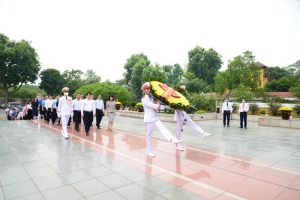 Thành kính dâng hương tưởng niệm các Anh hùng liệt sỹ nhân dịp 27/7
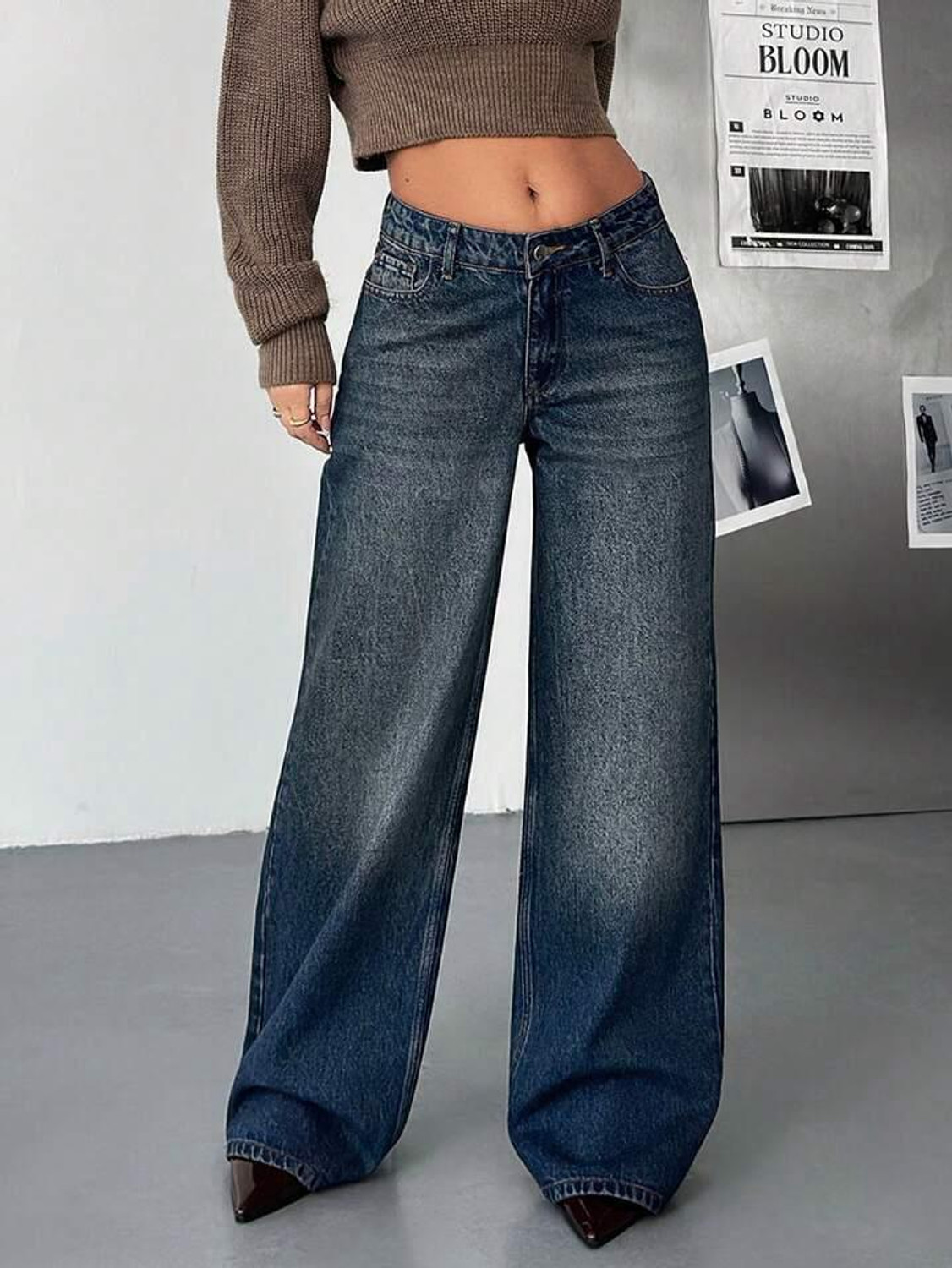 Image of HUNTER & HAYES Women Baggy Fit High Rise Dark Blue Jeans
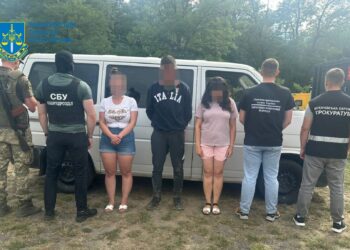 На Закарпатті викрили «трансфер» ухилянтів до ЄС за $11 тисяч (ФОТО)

□ □ □

The task: Retype the data above exactly; pictures are not part of the copy.

Answer for this exercise:
 Thành kính dâng hương tưởng niệm các Anh hùng liệt sỹ nhân dịp 27/7
 Image of HUNTER & HAYES Women Baggy Fit High Rise Dark Blue Jeans
 На Закарпатті викрили «трансфер» ухилянтів до ЄС за $11 тисяч (ФОТО)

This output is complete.